Iconic American theme park Disneyland opened 59 years ago today.
And as you might imagine, over the last six decades, Disneyland and its parent corporation Disney have been involved in a fair amount of litigation, from personal injury lawsuits to intellectual property disputes.
Here are five lessons your business can learn from Disney's long legal history:
- The majority of cases are dismissed or settle out of court. Over a five-year period between 2007 and 2012, Disney was named in nearly 140 personal injury lawsuits for injuries allegedly suffered at Disney's California theme parks. Of the relatively few of those cases that weren't dismissed or settled, Disney lost just one jury trial over that period, for a women who was hit in the head by a food-court umbrella blown over by the wind.
- Seemingly minor injuries can cause major legal headaches. Many of the cases brought against Disney, including some of the cases that have been settled out of court, stem from incidents that may seem relatively minor. For example, one man sued Disney after a server allegedly poured coffee on his arm.
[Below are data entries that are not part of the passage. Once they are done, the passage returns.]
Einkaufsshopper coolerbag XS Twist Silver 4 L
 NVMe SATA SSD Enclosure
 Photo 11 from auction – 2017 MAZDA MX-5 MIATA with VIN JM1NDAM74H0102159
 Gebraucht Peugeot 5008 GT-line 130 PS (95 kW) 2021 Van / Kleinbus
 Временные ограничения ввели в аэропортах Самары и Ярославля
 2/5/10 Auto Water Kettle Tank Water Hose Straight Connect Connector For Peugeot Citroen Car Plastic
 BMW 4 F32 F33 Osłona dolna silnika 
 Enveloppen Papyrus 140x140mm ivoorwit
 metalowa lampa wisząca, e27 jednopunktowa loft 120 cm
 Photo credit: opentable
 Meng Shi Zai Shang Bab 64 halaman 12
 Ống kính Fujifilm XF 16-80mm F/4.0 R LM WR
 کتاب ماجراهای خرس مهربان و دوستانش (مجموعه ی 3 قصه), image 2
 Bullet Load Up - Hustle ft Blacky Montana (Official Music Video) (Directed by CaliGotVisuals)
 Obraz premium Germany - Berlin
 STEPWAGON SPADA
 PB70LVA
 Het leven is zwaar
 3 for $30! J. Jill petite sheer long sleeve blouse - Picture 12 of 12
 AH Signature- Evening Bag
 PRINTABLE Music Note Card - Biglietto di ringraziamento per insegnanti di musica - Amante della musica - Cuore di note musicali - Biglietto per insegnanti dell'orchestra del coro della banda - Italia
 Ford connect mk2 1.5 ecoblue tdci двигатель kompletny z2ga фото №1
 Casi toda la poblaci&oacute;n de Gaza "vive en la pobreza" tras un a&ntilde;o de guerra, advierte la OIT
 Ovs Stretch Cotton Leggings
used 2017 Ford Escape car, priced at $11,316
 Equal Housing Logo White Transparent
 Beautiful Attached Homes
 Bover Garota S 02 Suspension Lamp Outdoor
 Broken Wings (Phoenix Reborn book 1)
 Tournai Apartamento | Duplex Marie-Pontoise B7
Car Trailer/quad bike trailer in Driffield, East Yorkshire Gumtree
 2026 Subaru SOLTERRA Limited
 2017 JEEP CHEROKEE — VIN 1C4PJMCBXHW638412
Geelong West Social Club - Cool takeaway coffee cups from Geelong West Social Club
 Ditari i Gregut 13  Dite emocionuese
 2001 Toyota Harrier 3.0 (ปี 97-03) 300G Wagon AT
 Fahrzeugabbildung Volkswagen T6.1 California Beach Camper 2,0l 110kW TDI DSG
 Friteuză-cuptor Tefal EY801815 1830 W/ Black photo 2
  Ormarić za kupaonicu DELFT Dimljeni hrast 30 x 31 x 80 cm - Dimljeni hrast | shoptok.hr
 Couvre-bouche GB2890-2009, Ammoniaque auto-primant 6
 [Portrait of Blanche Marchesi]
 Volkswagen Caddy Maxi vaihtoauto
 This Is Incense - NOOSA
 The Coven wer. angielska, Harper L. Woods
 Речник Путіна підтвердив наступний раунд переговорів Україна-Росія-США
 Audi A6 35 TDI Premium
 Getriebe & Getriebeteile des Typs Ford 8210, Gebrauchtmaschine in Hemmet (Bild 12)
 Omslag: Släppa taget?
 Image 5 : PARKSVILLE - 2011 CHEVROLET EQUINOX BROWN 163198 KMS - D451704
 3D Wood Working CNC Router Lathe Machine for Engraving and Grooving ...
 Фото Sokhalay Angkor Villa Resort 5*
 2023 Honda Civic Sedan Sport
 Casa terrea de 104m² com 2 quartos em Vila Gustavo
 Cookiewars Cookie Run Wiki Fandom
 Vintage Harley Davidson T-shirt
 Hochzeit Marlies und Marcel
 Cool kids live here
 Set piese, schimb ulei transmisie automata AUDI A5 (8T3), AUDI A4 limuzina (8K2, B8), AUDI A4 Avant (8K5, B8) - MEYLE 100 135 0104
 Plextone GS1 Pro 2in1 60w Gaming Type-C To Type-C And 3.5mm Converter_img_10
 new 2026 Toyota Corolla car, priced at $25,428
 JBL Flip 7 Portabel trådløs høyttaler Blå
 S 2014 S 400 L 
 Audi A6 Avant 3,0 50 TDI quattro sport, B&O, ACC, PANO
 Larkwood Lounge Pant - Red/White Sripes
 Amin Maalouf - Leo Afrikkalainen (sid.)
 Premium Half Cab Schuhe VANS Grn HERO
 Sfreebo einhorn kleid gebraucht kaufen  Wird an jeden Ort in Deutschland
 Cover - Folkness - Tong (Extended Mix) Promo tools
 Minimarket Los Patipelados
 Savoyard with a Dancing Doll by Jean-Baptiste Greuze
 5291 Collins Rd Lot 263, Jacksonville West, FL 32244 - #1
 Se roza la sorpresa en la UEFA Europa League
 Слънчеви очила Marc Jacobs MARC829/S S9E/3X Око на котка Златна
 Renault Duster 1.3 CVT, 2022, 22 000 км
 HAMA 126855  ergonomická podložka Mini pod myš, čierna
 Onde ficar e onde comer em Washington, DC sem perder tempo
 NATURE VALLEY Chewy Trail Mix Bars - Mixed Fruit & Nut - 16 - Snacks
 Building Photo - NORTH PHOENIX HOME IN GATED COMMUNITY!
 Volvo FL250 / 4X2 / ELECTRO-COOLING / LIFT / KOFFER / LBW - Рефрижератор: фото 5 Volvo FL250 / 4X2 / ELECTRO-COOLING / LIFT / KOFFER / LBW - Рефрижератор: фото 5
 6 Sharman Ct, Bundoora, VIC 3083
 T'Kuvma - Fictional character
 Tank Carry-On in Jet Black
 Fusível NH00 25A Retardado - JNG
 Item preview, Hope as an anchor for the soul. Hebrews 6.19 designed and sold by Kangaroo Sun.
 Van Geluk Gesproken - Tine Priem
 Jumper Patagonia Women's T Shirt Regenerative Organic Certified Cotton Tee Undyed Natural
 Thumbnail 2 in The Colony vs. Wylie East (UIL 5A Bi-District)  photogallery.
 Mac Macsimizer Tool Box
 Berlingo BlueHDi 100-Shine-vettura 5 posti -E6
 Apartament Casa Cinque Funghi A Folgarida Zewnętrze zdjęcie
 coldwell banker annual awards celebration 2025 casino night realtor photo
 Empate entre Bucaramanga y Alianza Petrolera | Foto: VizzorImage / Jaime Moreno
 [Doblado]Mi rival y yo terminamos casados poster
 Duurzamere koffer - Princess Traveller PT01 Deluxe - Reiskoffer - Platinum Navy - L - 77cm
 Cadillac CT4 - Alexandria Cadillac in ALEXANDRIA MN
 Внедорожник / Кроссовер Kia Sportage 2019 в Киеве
More recently, a disabled man who was stuck on the park's "It's a Small World" ride for 30 minutes was awarded $8,000 by a federal judge.
- When not to apply for a trademark. Although Disney has many incredibly valuable trademarks and other forms of intellectual property, the company has also occasionally made a misstep when applying for trademark protection. Case in point: Last year, Disney withdrew an application to trademark "Dia de los Muertos," a Mexican holiday that translates as Day of the Dead. The company is apparently developing an animated feature inspired by the holiday, but dropped the trademark filing after widespread opposition and accusations of cultural exploitation.
- Businesses must provide reasonable accommodations to the disabled. Disneyland has faced several lawsuits for allegedly failing to comply with the Americans with Disabilities Act, which requires businesses to provide "reasonable accommodations" to those with disabilities. A 2012 federal case involving Disneyland took that rule one step further, finding that business owners also must take "reasonable steps" to making disabled patrons' experiences "more akin to that enjoyed by its able-bodied patrons." In Disneyland's case, this meant that the part could not prohibit a disabled woman from using a Segway inside the park.
- Businesses must also provide reasonable accommodations for employees' religious practices. Disney also faced a lawsuit from a Muslim employee who claimed the company refused to let her wear a head scarf as required by her religion. Federal law requires employers provide "reasonable accommodations" for employee's religious practices unless doing so would cause undue hardship on the employer.
Congratulations to Disneyland for 59 years of being open for business, even if it's not always necessarily the "happiest place on earth."